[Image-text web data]
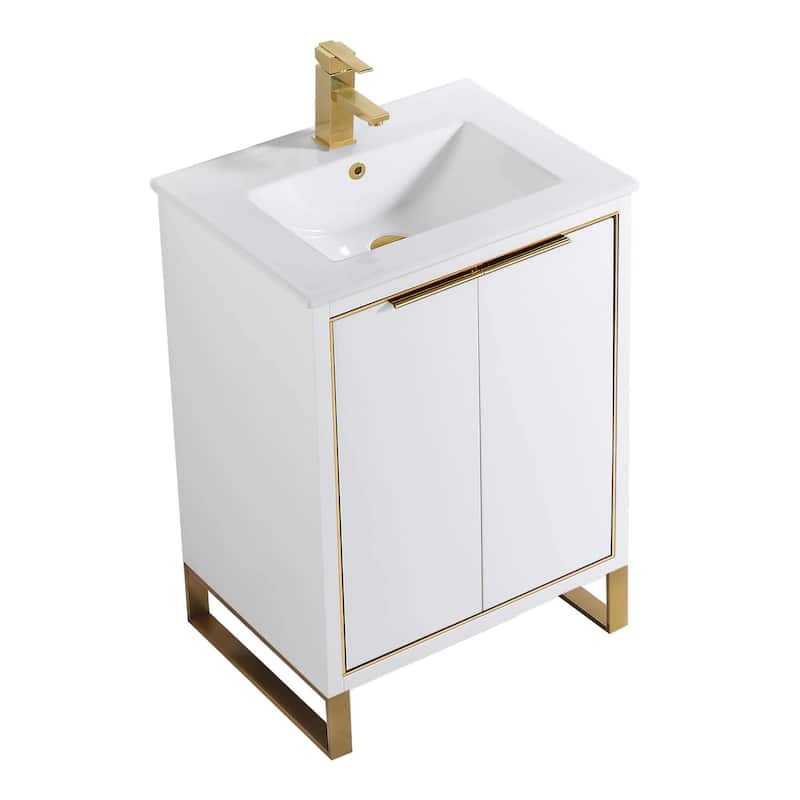 Fine Fixtures Opulence Collection Bathroom Vanity with White Ceramic Sink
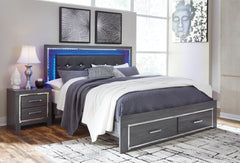 Lodanna Gray King Upholstered Storage Bed, Dresser, Mirror, and Nightstand - Ornate Home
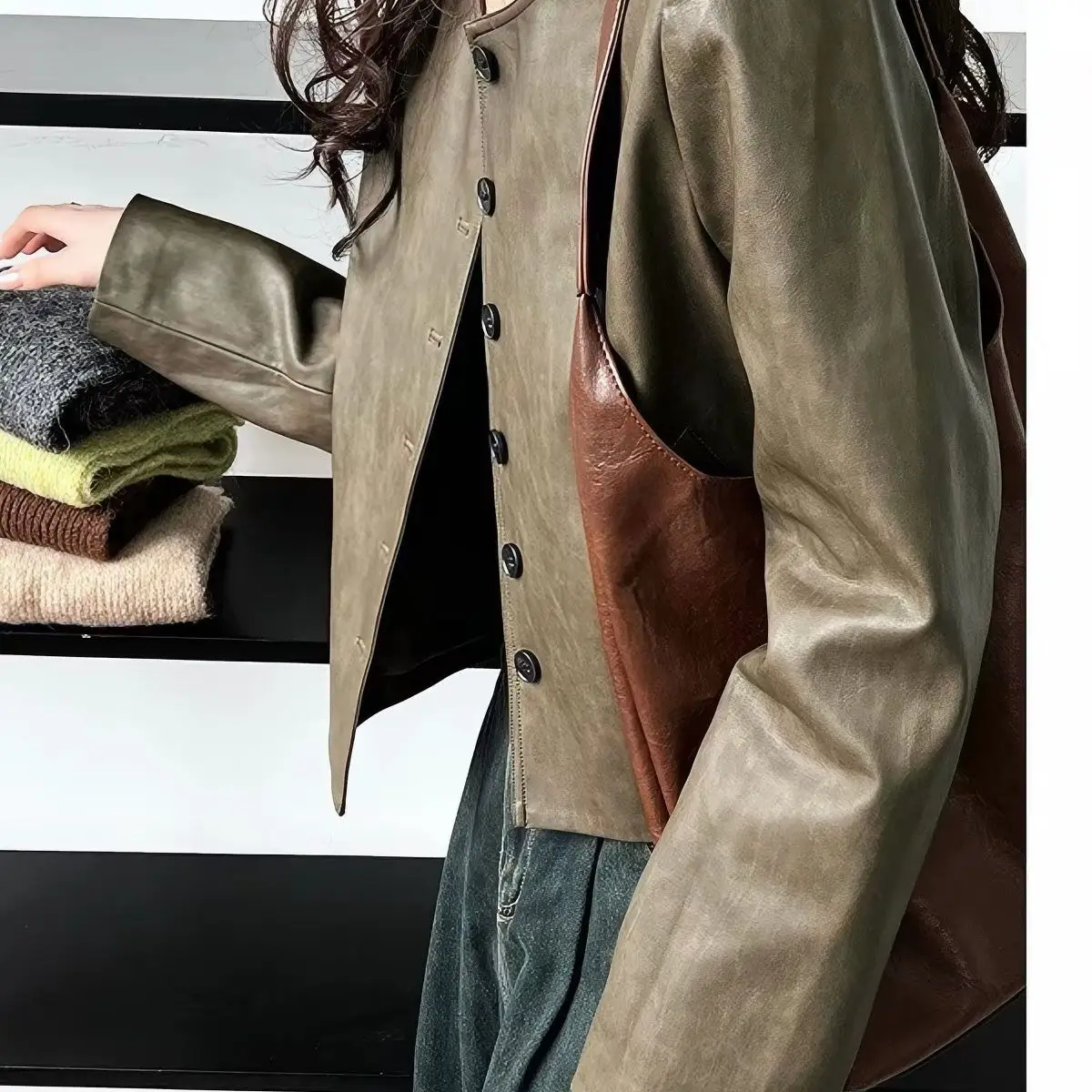 Women's Leather Jacket Spring Autumn Vintage PU Leather Jacket Biker Short Top Trend Faux Leather Coat High Quality Crop Jacket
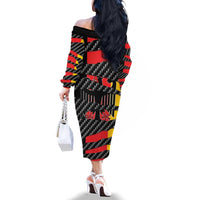 Germany Beast Family Matching Off The Shoulder Long Sleeve Dress and Hawaiian Shirt Ripped Flag Graphic - Wonder Print Shop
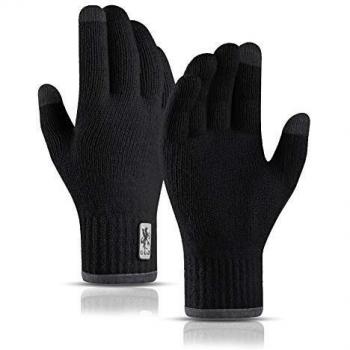 SYOSIN Guantes de Invierno, Guantes Tejidos Cálidos con Pantalla Táctil para Ciclismo Bicicleta Moto Cámping Excursionismo Corriendo Conducción Trabajando para Hombre y Mujer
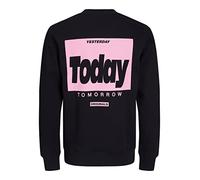 JACK & JONES Jorburning Sweat à col Rond Maillot de survêtement, Noir, L Homme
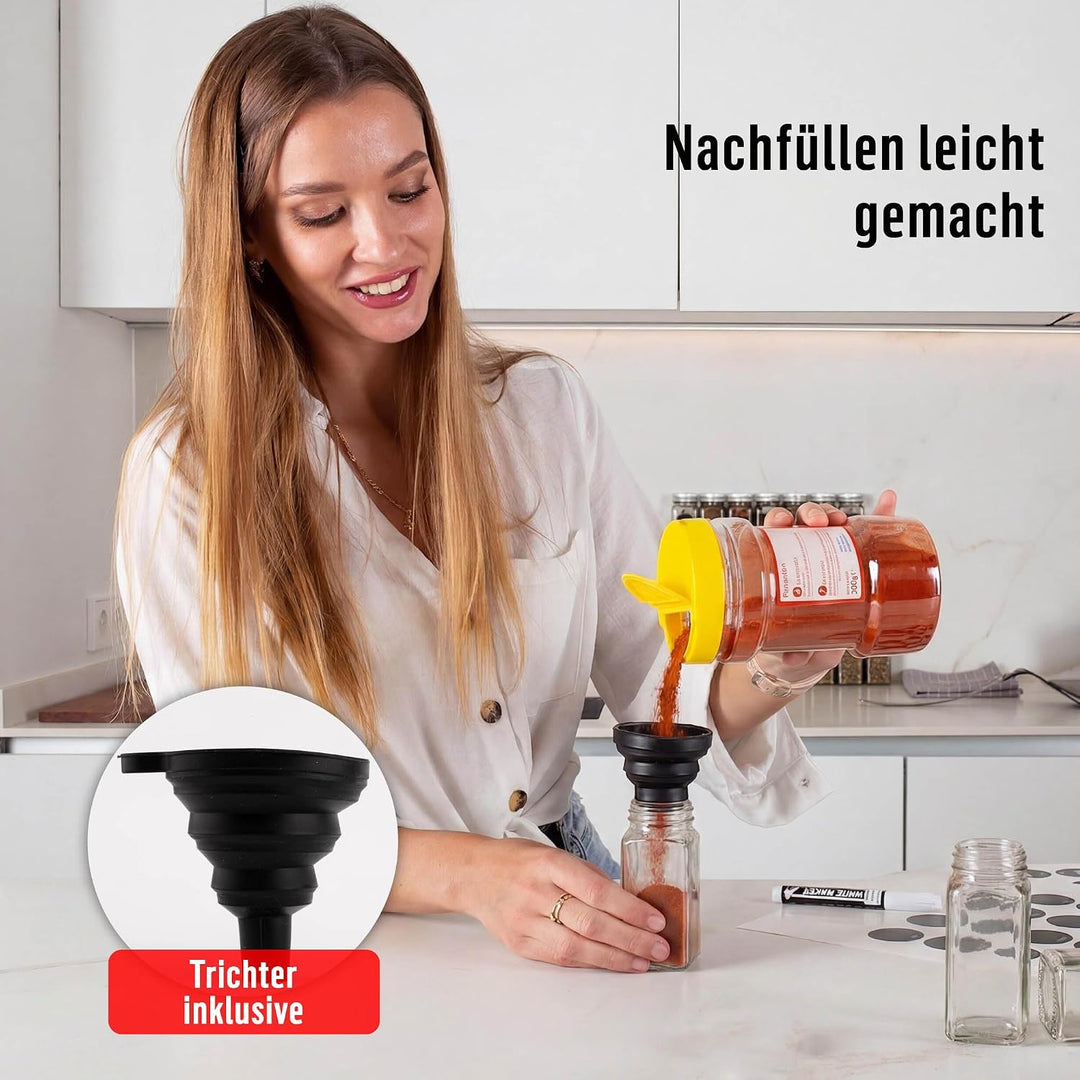 Deco haus® Gewürzgläser eckig mit Schraubkappe 12er Set [+Etiketten &amp; Streueinsatz] - Gewürzdosen Se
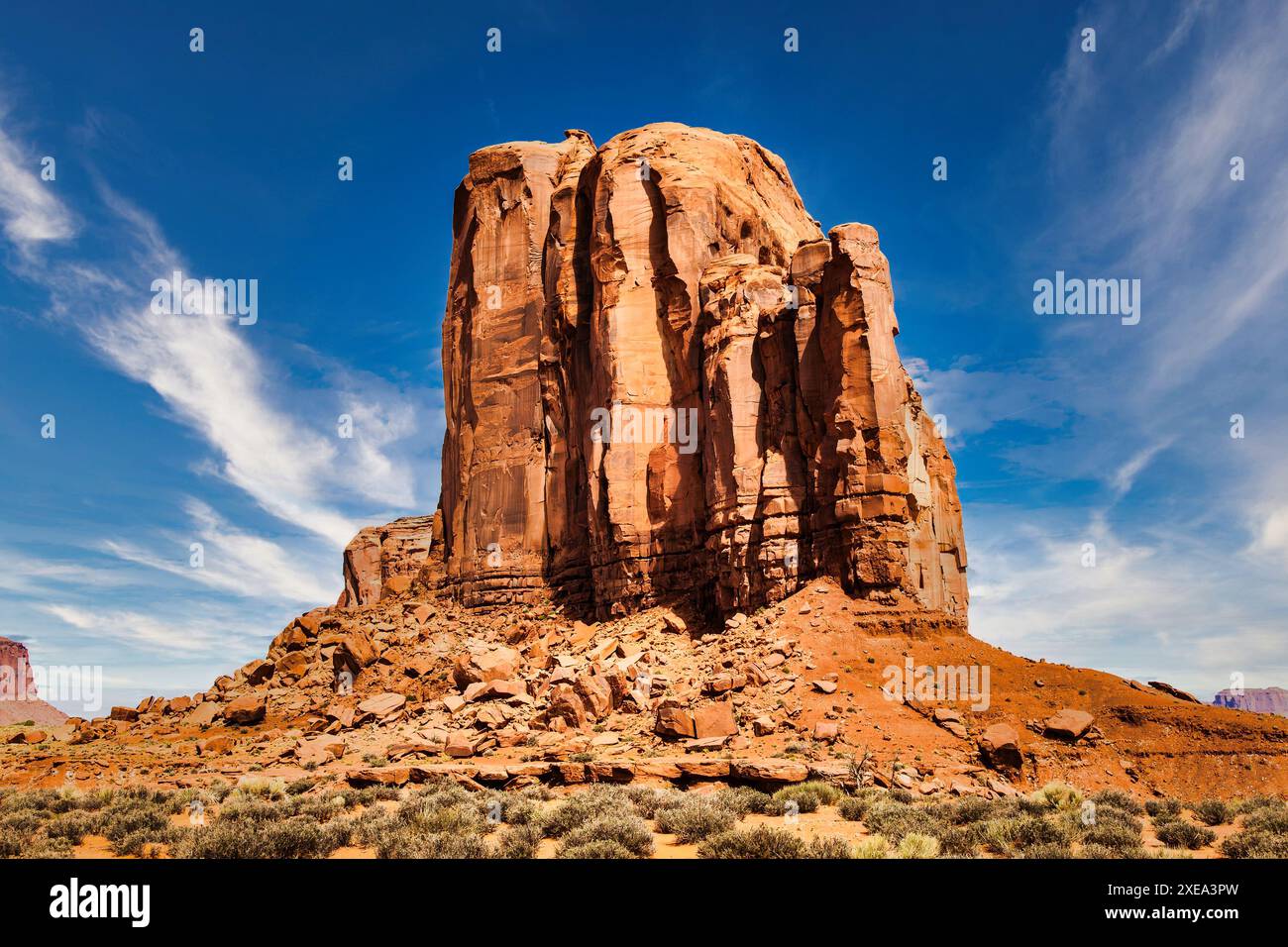 Monument Valley HHorizon, US, parco dei canyon Navajo. Cielo panoramico, natura e deserto roccioso Foto Stock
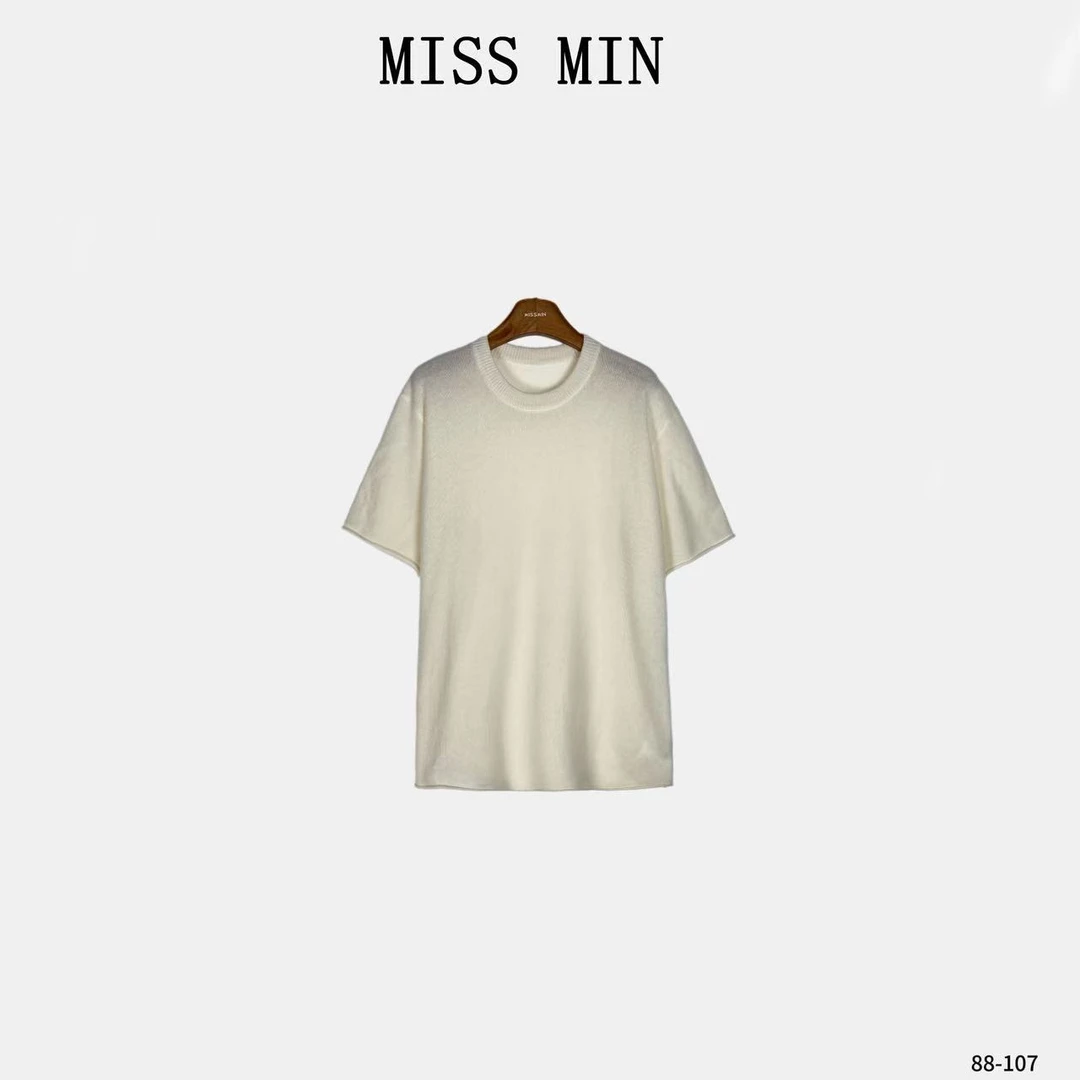 MISS MIN【软眠】纯色经典简约针织微奢服装百搭宽松显瘦T恤 88-107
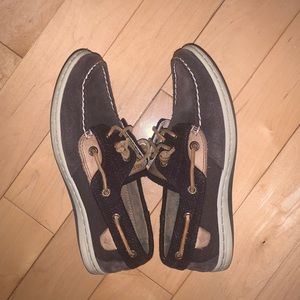 SPERRY plaid slip on boat shoe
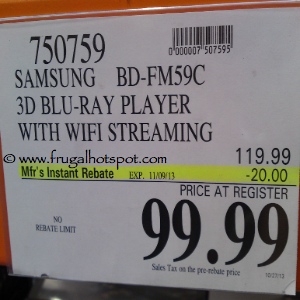 Samsung BDFM59C 3D BluRay Player Costco Price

→ **Work order**: Give all the records again, exactly, without images.

→ **Written response**:
 Fine Fixtures Opulence Collection Bathroom Vanity with White Ceramic Sink
 Lodanna Gray King Upholstered Storage Bed, Dresser, Mirror, and Nightstand - Ornate Home
 Women's Leather Jacket Spring Autumn Vintage PU Leather Jacket Biker Short Top Trend Faux Leather Coat High Quality Crop Jacket
 Germany Beast Family Matching Off The Shoulder Long Sleeve Dress and Hawaiian Shirt Ripped Flag Graphic - Wonder Print Shop
 SYOSIN Guantes de Invierno, Guantes Tejidos Cálidos con Pantalla Táctil para Ciclismo Bicicleta Moto Cámping Excursionismo Corriendo Conducción Trabajando para Hombre y Mujer
 JACK & JONES Jorburning Sweat à col Rond Maillot de survêtement, Noir, L Homme
 Deco haus® Gewürzgläser eckig mit Schraubkappe 12er Set [+Etiketten &amp; Streueinsatz] - Gewürzdosen Se
 Monument Valley HHorizon, US, parco dei canyon Navajo. Cielo panoramico, natura e deserto roccioso Foto Stock
 MISS MIN【软眠】纯色经典简约针织微奢服装百搭宽松显瘦T恤 88-107
 SPERRY plaid slip on boat shoe
 Samsung BDFM59C 3D BluRay Player Costco Price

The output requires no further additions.